O outro modelo tem a formidável qualidade de permitir explicar à cidadania democrática porque é que vale a pena investir na ciência e, assim, traduzir em Euros o conceito de relevância social.

Porém, a aposta só no que já se é forte, é aposta medíocre. Sem inovação radical, como acharemos oportunidades disruptivas? Como se detetam novos nichos, onde os ganhos costumam ser astronómicos e não apenas incrementais?

É, pois, empolgante apostar em áreas novas, ciências avançadas – o conhecimento universal terá o seu contributo português. Mas, e que resposta dar aos cidadãos, se perguntarem: e onde está a indústria, para esse investimento?

Nem um ou nem outro modelo, levados a extremo, são satisfatórios – e, precisamente, porque cada um tem o que falta ao outro. Entalados entre canis et coluber, o desafio que temos pela frente é combinar reforços nos nossos pontos fortes com apostas audazes em áreas disruptivas.
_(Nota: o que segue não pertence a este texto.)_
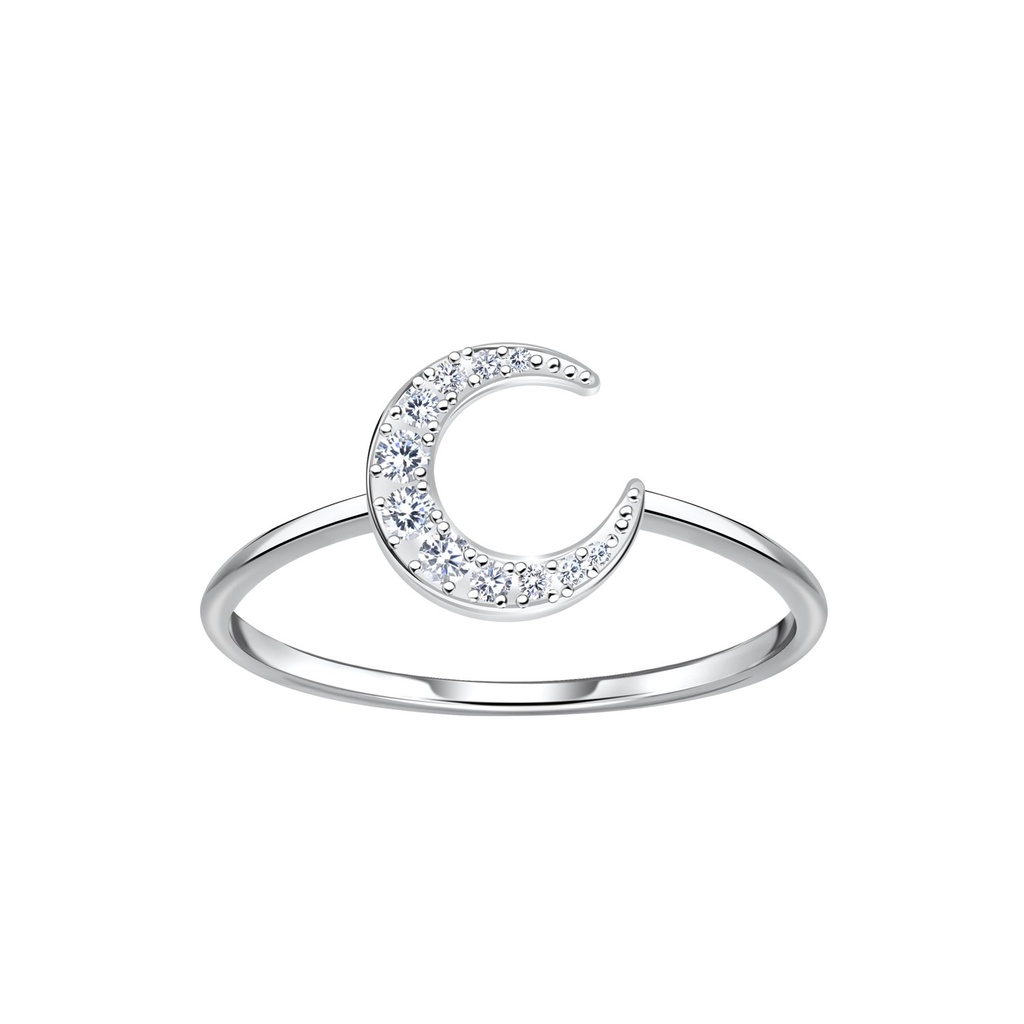 Bague croissant de lune en argent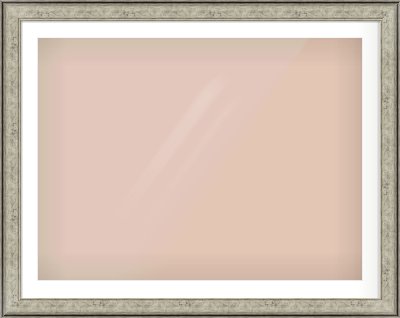 Silver Flat Frame for 40 × 30in artwork, with Smooth White Single Mount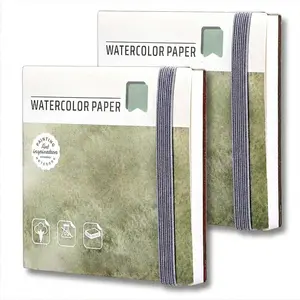 2 Pcs Watercolor Sketchbook for Drawing, 20 Sheets 3.15" x 3.15" Square Mini Sketch Book 140 LB (300 GSM) Paper Journals Pocket Art Creation Sketchbooks for Colored Pencil, Acrylic Marker, Oil Pastel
Na definição de políticas, convém compreender o cão e a cobra. É por isso que é um erro identificar áreas robustas, com conexão industrial, dando-lhes apropriada prioridade nos financiamentos, e outras, disruptivas, por vezes designadas de wild cards, para depois não lhes atribuir prioridade alguma nos financiamentos.

Isto tanto vale para a estratégia do INESC TEC, como para políticas regionais ou para uma política nacional de ciência de tecnologia. Nesse plano maior, todos os atores contam: as pessoas certamente, as instituições fundamentalmente – e as políticas inteligentes, iluminadas, abrangentes, de modo decisivo.